*** Opening of Records shown ***
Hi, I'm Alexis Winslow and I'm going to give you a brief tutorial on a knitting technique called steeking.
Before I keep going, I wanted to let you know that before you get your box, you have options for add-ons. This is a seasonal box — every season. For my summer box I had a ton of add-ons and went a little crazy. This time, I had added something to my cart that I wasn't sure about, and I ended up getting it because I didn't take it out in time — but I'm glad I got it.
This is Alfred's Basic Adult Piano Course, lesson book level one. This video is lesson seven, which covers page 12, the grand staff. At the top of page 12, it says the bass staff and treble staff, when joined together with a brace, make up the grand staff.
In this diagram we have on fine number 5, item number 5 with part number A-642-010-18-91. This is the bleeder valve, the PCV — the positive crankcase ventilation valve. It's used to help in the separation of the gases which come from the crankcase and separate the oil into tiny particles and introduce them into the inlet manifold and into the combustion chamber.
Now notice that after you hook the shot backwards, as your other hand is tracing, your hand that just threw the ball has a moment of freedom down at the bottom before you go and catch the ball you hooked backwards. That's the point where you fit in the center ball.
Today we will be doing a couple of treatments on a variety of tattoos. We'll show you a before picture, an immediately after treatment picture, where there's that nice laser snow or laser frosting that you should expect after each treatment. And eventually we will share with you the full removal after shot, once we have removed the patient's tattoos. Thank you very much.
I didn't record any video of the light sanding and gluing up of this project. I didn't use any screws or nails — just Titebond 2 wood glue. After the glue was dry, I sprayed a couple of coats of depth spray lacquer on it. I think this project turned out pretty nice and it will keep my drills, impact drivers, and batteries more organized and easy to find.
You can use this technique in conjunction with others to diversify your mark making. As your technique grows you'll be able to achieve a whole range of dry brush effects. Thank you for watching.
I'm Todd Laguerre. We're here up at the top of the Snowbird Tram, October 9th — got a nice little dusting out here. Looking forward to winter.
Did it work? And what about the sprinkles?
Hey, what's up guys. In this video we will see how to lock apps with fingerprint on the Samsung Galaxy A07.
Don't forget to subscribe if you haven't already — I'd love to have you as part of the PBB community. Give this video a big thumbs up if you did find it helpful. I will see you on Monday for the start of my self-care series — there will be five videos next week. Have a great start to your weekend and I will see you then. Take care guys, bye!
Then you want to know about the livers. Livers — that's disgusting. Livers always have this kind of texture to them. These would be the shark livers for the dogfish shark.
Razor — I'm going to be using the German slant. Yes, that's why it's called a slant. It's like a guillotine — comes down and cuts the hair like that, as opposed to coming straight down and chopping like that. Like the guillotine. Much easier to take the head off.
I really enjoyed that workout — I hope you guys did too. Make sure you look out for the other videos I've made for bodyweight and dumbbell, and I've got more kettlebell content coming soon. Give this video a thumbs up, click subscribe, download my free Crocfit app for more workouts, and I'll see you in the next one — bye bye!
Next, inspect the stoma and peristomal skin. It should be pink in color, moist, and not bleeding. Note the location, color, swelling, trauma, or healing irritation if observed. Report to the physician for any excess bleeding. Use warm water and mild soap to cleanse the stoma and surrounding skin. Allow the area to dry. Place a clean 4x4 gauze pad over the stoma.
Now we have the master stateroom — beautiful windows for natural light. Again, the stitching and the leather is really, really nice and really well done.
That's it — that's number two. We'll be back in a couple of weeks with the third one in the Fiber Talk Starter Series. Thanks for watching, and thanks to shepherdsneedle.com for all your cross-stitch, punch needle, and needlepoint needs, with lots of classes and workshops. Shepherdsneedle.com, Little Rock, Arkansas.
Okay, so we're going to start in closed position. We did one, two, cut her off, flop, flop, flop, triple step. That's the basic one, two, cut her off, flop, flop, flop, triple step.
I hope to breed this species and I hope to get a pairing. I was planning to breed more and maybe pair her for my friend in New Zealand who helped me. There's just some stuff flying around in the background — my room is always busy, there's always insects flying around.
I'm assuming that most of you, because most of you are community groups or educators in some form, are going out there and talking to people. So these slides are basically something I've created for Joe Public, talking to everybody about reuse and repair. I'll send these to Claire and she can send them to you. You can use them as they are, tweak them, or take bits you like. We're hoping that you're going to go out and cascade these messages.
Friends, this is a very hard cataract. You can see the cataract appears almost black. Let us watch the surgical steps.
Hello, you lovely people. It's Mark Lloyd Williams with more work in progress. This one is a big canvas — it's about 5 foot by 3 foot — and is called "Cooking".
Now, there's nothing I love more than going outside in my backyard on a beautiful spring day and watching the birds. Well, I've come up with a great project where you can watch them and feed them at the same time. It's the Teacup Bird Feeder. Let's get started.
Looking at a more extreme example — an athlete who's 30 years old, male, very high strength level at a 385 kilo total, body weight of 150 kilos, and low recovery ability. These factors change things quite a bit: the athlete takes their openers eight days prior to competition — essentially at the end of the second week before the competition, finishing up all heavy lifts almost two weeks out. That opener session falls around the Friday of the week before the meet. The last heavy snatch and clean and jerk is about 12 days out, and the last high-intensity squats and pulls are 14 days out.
*** Close of Records shown ***
* [What is being asked] Could you return the complete set of entries exactly?

* [Task answer]
Hi, I'm Alexis Winslow and I'm going to give you a brief tutorial on a knitting technique called steeking.
Before I keep going, I wanted to let you know that before you get your box, you have options for add-ons. This is a seasonal box — every season. For my summer box I had a ton of add-ons and went a little crazy. This time, I had added something to my cart that I wasn't sure about, and I ended up getting it because I didn't take it out in time — but I'm glad I got it.
This is Alfred's Basic Adult Piano Course, lesson book level one. This video is lesson seven, which covers page 12, the grand staff. At the top of page 12, it says the bass staff and treble staff, when joined together with a brace, make up the grand staff.
In this diagram we have on fine number 5, item number 5 with part number A-642-010-18-91. This is the bleeder valve, the PCV — the positive crankcase ventilation valve. It's used to help in the separation of the gases which come from the crankcase and separate the oil into tiny particles and introduce them into the inlet manifold and into the combustion chamber.
Now notice that after you hook the shot backwards, as your other hand is tracing, your hand that just threw the ball has a moment of freedom down at the bottom before you go and catch the ball you hooked backwards. That's the point where you fit in the center ball.
Today we will be doing a couple of treatments on a variety of tattoos. We'll show you a before picture, an immediately after treatment picture, where there's that nice laser snow or laser frosting that you should expect after each treatment. And eventually we will share with you the full removal after shot, once we have removed the patient's tattoos. Thank you very much.
I didn't record any video of the light sanding and gluing up of this project. I didn't use any screws or nails — just Titebond 2 wood glue. After the glue was dry, I sprayed a couple of coats of depth spray lacquer on it. I think this project turned out pretty nice and it will keep my drills, impact drivers, and batteries more organized and easy to find.
You can use this technique in conjunction with others to diversify your mark making. As your technique grows you'll be able to achieve a whole range of dry brush effects. Thank you for watching.
I'm Todd Laguerre. We're here up at the top of the Snowbird Tram, October 9th — got a nice little dusting out here. Looking forward to winter.
Did it work? And what about the sprinkles?
Hey, what's up guys. In this video we will see how to lock apps with fingerprint on the Samsung Galaxy A07.
Don't forget to subscribe if you haven't already — I'd love to have you as part of the PBB community. Give this video a big thumbs up if you did find it helpful. I will see you on Monday for the start of my self-care series — there will be five videos next week. Have a great start to your weekend and I will see you then. Take care guys, bye!
Then you want to know about the livers. Livers — that's disgusting. Livers always have this kind of texture to them. These would be the shark livers for the dogfish shark.
Razor — I'm going to be using the German slant. Yes, that's why it's called a slant. It's like a guillotine — comes down and cuts the hair like that, as opposed to coming straight down and chopping like that. Like the guillotine. Much easier to take the head off.
I really enjoyed that workout — I hope you guys did too. Make sure you look out for the other videos I've made for bodyweight and dumbbell, and I've got more kettlebell content coming soon. Give this video a thumbs up, click subscribe, download my free Crocfit app for more workouts, and I'll see you in the next one — bye bye!
Next, inspect the stoma and peristomal skin. It should be pink in color, moist, and not bleeding. Note the location, color, swelling, trauma, or healing irritation if observed. Report to the physician for any excess bleeding. Use warm water and mild soap to cleanse the stoma and surrounding skin. Allow the area to dry. Place a clean 4x4 gauze pad over the stoma.
Now we have the master stateroom — beautiful windows for natural light. Again, the stitching and the leather is really, really nice and really well done.
That's it — that's number two. We'll be back in a couple of weeks with the third one in the Fiber Talk Starter Series. Thanks for watching, and thanks to shepherdsneedle.com for all your cross-stitch, punch needle, and needlepoint needs, with lots of classes and workshops. Shepherdsneedle.com, Little Rock, Arkansas.
Okay, so we're going to start in closed position. We did one, two, cut her off, flop, flop, flop, triple step. That's the basic one, two, cut her off, flop, flop, flop, triple step.
I hope to breed this species and I hope to get a pairing. I was planning to breed more and maybe pair her for my friend in New Zealand who helped me. There's just some stuff flying around in the background — my room is always busy, there's always insects flying around.
I'm assuming that most of you, because most of you are community groups or educators in some form, are going out there and talking to people. So these slides are basically something I've created for Joe Public, talking to everybody about reuse and repair. I'll send these to Claire and she can send them to you. You can use them as they are, tweak them, or take bits you like. We're hoping that you're going to go out and cascade these messages.
Friends, this is a very hard cataract. You can see the cataract appears almost black. Let us watch the surgical steps.
Hello, you lovely people. It's Mark Lloyd Williams with more work in progress. This one is a big canvas — it's about 5 foot by 3 foot — and is called "Cooking".
Now, there's nothing I love more than going outside in my backyard on a beautiful spring day and watching the birds. Well, I've come up with a great project where you can watch them and feed them at the same time. It's the Teacup Bird Feeder. Let's get started.
Looking at a more extreme example — an athlete who's 30 years old, male, very high strength level at a 385 kilo total, body weight of 150 kilos, and low recovery ability. These factors change things quite a bit: the athlete takes their openers eight days prior to competition — essentially at the end of the second week before the competition, finishing up all heavy lifts almost two weeks out. That opener session falls around the Friday of the week before the meet. The last heavy snatch and clean and jerk is about 12 days out, and the last high-intensity squats and pulls are 14 days out.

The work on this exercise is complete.